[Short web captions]
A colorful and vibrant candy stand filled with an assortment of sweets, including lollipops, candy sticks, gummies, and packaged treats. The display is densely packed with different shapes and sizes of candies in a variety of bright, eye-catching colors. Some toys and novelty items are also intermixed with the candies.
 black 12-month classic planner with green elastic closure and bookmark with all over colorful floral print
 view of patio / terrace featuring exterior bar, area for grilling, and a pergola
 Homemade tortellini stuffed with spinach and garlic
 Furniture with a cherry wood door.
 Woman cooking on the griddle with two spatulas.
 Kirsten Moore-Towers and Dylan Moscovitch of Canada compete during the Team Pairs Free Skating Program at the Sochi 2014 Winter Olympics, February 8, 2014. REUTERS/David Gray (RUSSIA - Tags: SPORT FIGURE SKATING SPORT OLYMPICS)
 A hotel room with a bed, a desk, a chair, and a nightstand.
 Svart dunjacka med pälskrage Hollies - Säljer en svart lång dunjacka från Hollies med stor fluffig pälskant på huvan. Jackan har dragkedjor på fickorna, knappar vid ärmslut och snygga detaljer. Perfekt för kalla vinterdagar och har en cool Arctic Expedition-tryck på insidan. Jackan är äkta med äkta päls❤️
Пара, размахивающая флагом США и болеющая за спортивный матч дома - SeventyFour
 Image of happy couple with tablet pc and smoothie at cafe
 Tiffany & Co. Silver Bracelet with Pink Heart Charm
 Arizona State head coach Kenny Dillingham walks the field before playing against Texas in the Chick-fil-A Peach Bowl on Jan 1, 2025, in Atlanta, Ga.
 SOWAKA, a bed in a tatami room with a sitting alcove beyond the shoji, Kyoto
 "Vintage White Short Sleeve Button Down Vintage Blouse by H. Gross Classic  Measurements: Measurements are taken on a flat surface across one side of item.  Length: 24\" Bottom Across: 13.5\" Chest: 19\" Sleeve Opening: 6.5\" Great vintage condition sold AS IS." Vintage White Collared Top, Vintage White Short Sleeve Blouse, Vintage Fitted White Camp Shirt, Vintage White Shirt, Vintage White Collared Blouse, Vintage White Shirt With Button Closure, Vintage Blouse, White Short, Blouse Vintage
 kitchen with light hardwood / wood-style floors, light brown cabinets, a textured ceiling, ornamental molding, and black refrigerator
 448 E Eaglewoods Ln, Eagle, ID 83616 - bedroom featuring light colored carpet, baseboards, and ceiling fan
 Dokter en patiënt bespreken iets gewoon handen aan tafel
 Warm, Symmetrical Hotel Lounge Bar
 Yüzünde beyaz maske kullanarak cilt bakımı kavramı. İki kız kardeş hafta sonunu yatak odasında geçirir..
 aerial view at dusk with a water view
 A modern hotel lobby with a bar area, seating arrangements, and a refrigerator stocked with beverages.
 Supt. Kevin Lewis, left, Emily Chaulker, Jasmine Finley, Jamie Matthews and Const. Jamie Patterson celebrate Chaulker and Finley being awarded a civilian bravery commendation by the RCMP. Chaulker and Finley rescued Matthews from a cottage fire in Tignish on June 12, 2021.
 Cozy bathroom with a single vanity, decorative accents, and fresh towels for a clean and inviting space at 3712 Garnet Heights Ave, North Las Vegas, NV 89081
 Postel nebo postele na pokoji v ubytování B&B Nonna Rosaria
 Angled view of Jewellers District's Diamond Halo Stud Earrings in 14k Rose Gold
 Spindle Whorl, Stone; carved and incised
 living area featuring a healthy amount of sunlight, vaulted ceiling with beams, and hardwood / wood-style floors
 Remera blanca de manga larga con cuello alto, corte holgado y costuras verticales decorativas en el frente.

* **Description of the task**:
Word for word, write out the entries above again.

* **Result below**:
A colorful and vibrant candy stand filled with an assortment of sweets, including lollipops, candy sticks, gummies, and packaged treats. The display is densely packed with different shapes and sizes of candies in a variety of bright, eye-catching colors. Some toys and novelty items are also intermixed with the candies.
 black 12-month classic planner with green elastic closure and bookmark with all over colorful floral print
 view of patio / terrace featuring exterior bar, area for grilling, and a pergola
 Homemade tortellini stuffed with spinach and garlic
 Furniture with a cherry wood door.
 Woman cooking on the griddle with two spatulas.
 Kirsten Moore-Towers and Dylan Moscovitch of Canada compete during the Team Pairs Free Skating Program at the Sochi 2014 Winter Olympics, February 8, 2014. REUTERS/David Gray (RUSSIA - Tags: SPORT FIGURE SKATING SPORT OLYMPICS)
 A hotel room with a bed, a desk, a chair, and a nightstand.
 Svart dunjacka med pälskrage Hollies - Säljer en svart lång dunjacka från Hollies med stor fluffig pälskant på huvan. Jackan har dragkedjor på fickorna, knappar vid ärmslut och snygga detaljer. Perfekt för kalla vinterdagar och har en cool Arctic Expedition-tryck på insidan. Jackan är äkta med äkta päls❤️
Пара, размахивающая флагом США и болеющая за спортивный матч дома - SeventyFour
 Image of happy couple with tablet pc and smoothie at cafe
 Tiffany & Co. Silver Bracelet with Pink Heart Charm
 Arizona State head coach Kenny Dillingham walks the field before playing against Texas in the Chick-fil-A Peach Bowl on Jan 1, 2025, in Atlanta, Ga.
 SOWAKA, a bed in a tatami room with a sitting alcove beyond the shoji, Kyoto
 "Vintage White Short Sleeve Button Down Vintage Blouse by H. Gross Classic  Measurements: Measurements are taken on a flat surface across one side of item.  Length: 24\" Bottom Across: 13.5\" Chest: 19\" Sleeve Opening: 6.5\" Great vintage condition sold AS IS." Vintage White Collared Top, Vintage White Short Sleeve Blouse, Vintage Fitted White Camp Shirt, Vintage White Shirt, Vintage White Collared Blouse, Vintage White Shirt With Button Closure, Vintage Blouse, White Short, Blouse Vintage
 kitchen with light hardwood / wood-style floors, light brown cabinets, a textured ceiling, ornamental molding, and black refrigerator
 448 E Eaglewoods Ln, Eagle, ID 83616 - bedroom featuring light colored carpet, baseboards, and ceiling fan
 Dokter en patiënt bespreken iets gewoon handen aan tafel
 Warm, Symmetrical Hotel Lounge Bar
 Yüzünde beyaz maske kullanarak cilt bakımı kavramı. İki kız kardeş hafta sonunu yatak odasında geçirir..
 aerial view at dusk with a water view
 A modern hotel lobby with a bar area, seating arrangements, and a refrigerator stocked with beverages.
 Supt. Kevin Lewis, left, Emily Chaulker, Jasmine Finley, Jamie Matthews and Const. Jamie Patterson celebrate Chaulker and Finley being awarded a civilian bravery commendation by the RCMP. Chaulker and Finley rescued Matthews from a cottage fire in Tignish on June 12, 2021.
 Cozy bathroom with a single vanity, decorative accents, and fresh towels for a clean and inviting space at 3712 Garnet Heights Ave, North Las Vegas, NV 89081
 Postel nebo postele na pokoji v ubytování B&B Nonna Rosaria
 Angled view of Jewellers District's Diamond Halo Stud Earrings in 14k Rose Gold
 Spindle Whorl, Stone; carved and incised
 living area featuring a healthy amount of sunlight, vaulted ceiling with beams, and hardwood / wood-style floors
 Remera blanca de manga larga con cuello alto, corte holgado y costuras verticales decorativas en el frente.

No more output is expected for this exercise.